No wonder our soul so deeply craves not empty air, but the fullness of the Spirit of God, the breath that created us. We breathe as deeply as we possibly can muster because somewhere deep within us we are yearning for more than air, we are desperate for the breath of God. It is when we as human beings recognize our hunger for the Bread of His Presence that we don't just breathe deeply, we drink deeply.
This is the substance of our souls.
And the presence of the Lord is not illusive, and it is not exclusive, for "whoever comes" will not walk away hungry. For Mary praised God that "He has filled the hungry with good things" (Luke 1:53).
The table set before us is no longer one of sacrifice but one of communion and the invitation to partake, to remember and receive the finished work of Christ in us, and that affects all the world. Our God is not confined to our "spiritual life", He is life itself. His bread is the one we long for and His presence is always closer than "within our reach". For we can approach His table with even more boldness than David for we, as members of the Body of Christ, are members of the royal priesthood (1 Peter 2:9).
This is a table that has enough space, a table with enough Bread to satisfy every soul.

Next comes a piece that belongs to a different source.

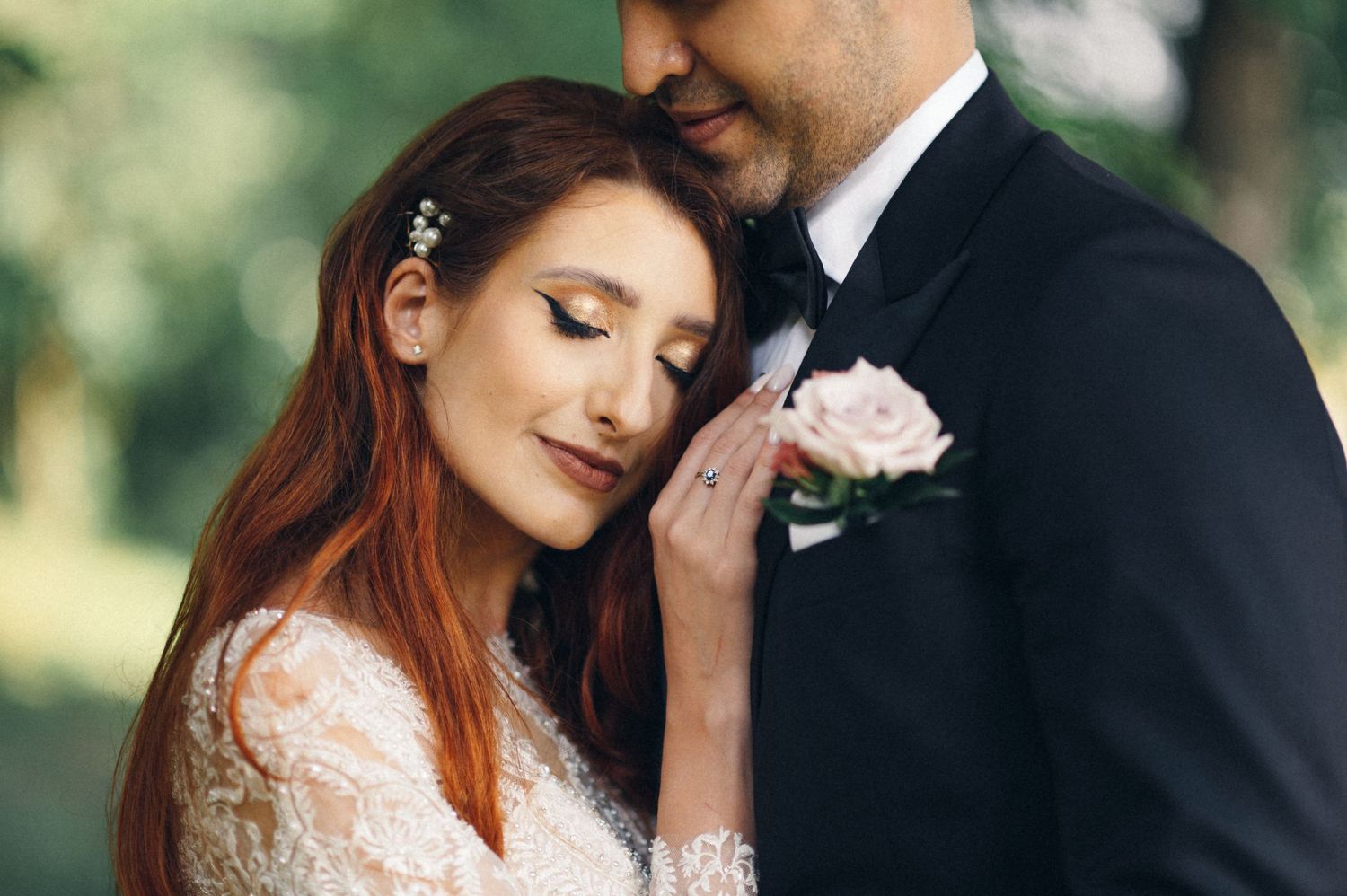 A close-up wedding photo capturing a tender moment between newlyweds with a pink rose boutonniere.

What does this look like, moment by moment? After all, bread, and all food, is a very tangible thing, it ignites all the senses of the human body. I'll say it again and again- receiving the Bread daily is not for our spiritual lives, it is a Life thing. Saint Augustine describes Christ as the "Life of the life of our souls". He is the deep reality in all, for He is all in all. Deeper than our own simple life is Life Himself. Dane Ortlund once described the heart of the follower of Jesus as an onion, peel it to the core and the deepest part, the holiest of holy places, is the Spirit of the Lord. Life. The Life of the life of our souls. After all, we were not living creatures until the breath of God filled our lungs.
Here is a verse you may be familiar with because Jesus used it to combat the devil's temptations in the desert:
"He humbled you, and in your hunger He gave you manna to eat, which neither you nor your fathers had known, so that you might understand that man does not live on bread alone, but on every word that comes from the mouth of the LORD." -Deuteronomy 8:3
Manna, the bread the Israelites woke up to every morning, was from the heavens, but it was not the Bread of the Presence of God. It fed the body and later left it hungry, and the soul was untouched by it.

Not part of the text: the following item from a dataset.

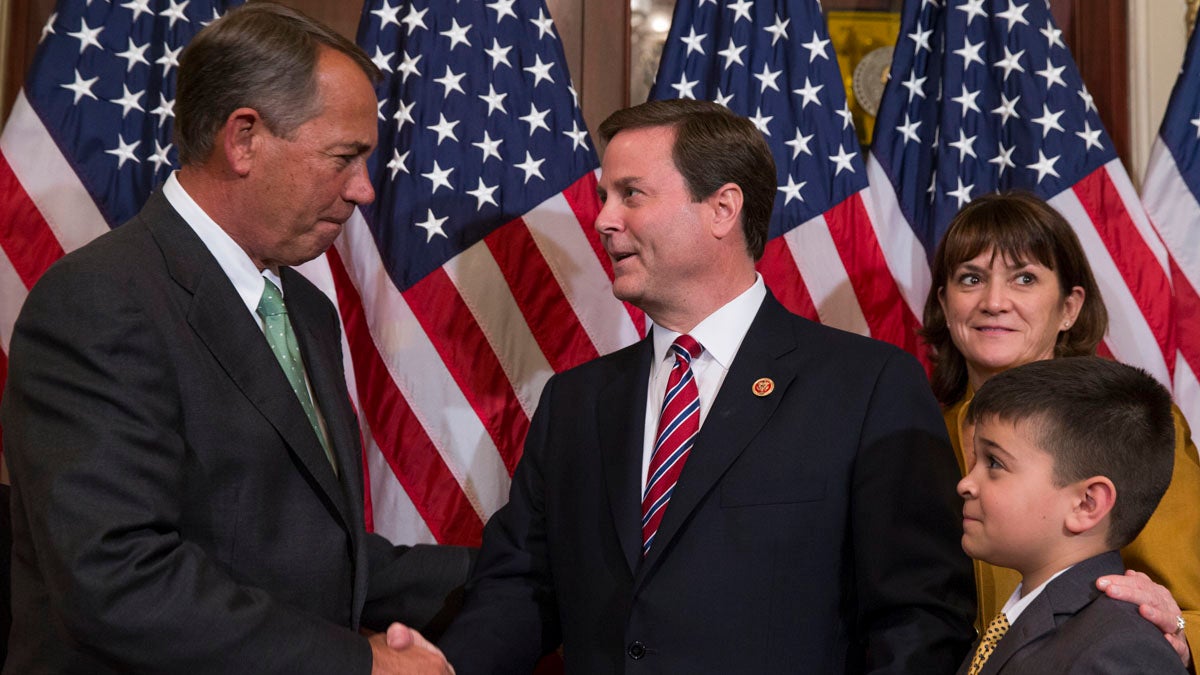  Speaker of the House Rep. John Boehner, R-Ohio, left, shakes hands with U.S. Rep. Donald Norcross, D-N.J., center, during a ceremonial swearing-in ceremony on Capitol Hill in November.  (AP Photo/Evan Vucci)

But in Jesus we see the union of the Word of God and the Bread of Life- we feast upon every word that comes from His mouth. The Word is our Bread. The Bread of His Presence is more than manna, but we still, like the Israelites, we wake to it every morning. We will always receive enough if we choose to receive Him even on the most mundane of days. But to receive we first must be hungry, we first must recognize our humble beginnings- dust.

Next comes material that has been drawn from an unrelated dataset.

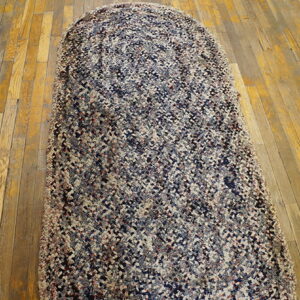A long, braided runner rug featuring variegated navy, gray, and tan colors covers old, worn hardwood flooring.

Without the hand of God, we would still be dust; Without the hand of Jesus Christ nailed upon the cross, that is the place we would be returning to.
He is Life. How could we not partake? How could we deny this Bread? How could we not yield to the strength of these hands that created us and nourish us? How could we not give our lives to Life Himself? Wouldn't it be going against human nature not to? How prideful we must be to believe that our life could be our own! To believe that the core of our hearts is me.
Jesus does not inhabit the fringes of the heart, for if He did so He would not be able to uproot the evil in its core- He dwells and holds and His Spirit inhabits the center of the heart. He is not just at the center of the universe, He is the center of the soul. He gives structure, sustenance, and substance to our body, it is not our flesh. The Bread is always on the table, if only we arrive at it. If only we come.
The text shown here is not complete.